With the introduction of advanced therapies (such as for example targeted therapies, like Nivolumab) the survival of lung cancer patients is steadily increasing (Brahmer et al 2015). It can be expected that, with an increased survival, lung cancer patients with incidental radiation dose to the heart will be more at risk time to develop radiation induced cardiac toxicity. This could negatively impact on the quality of life and even their survival (Wang et al 2017). One of the possible causes for this 'misdosage' is heart movement. The (magnitude) of the movement of the heart is caused by different factors. Two essential factors are the pumping action and respiration. The magnitude of the motion of the heart can be as large as 13 mm, measured on cone beam CT-scans taken during the treatment (Liu et al).

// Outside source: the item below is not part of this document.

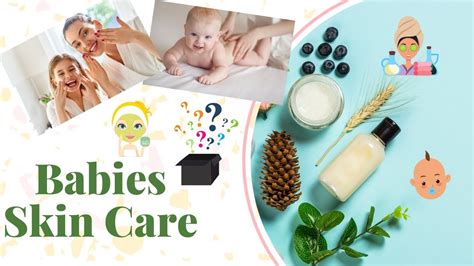 Baby Skin Care Special Natural Skin Care For Babies Youtube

In lung radiotherapy treatment planning a computed tomography in 4 dimensions (4D-CT) is typically used to outline the movement of the lung tumour. However, the (magnitude of) movement of the heart can also be captured using the same imaging technology.
From these 4D-CT images a realistic volume for the heart (referred to as PRV, planned organ at risk volume) can be created. This PRV of the heart will allow to create a radiotherapy plan delivering a lower radiation dose to the healthy tissues. This will reduce the likelihood of cardiotoxicity and therefore potentially increase quality of life and survival rates.
In this research proposal, we aim to develop an automated segmentation technique to create an individualised PRV for the heart, based on data from international clinical partners.
Skills and experience
The scope of this project would be suited to Honours, Masters or PhD students. Ideally you will have a background in medical physics, biomedical/biomechanical engineering/radiation therapy/medical imaging or similar.
You will join an internationally recognised team of researchers in the area of radiation therapy and medical image processing.
You will gain exposure to the clinical and research environments and build their experience in designing and developing complex research projects.
You may be able to apply for a research scholarship in our annual scholarship round.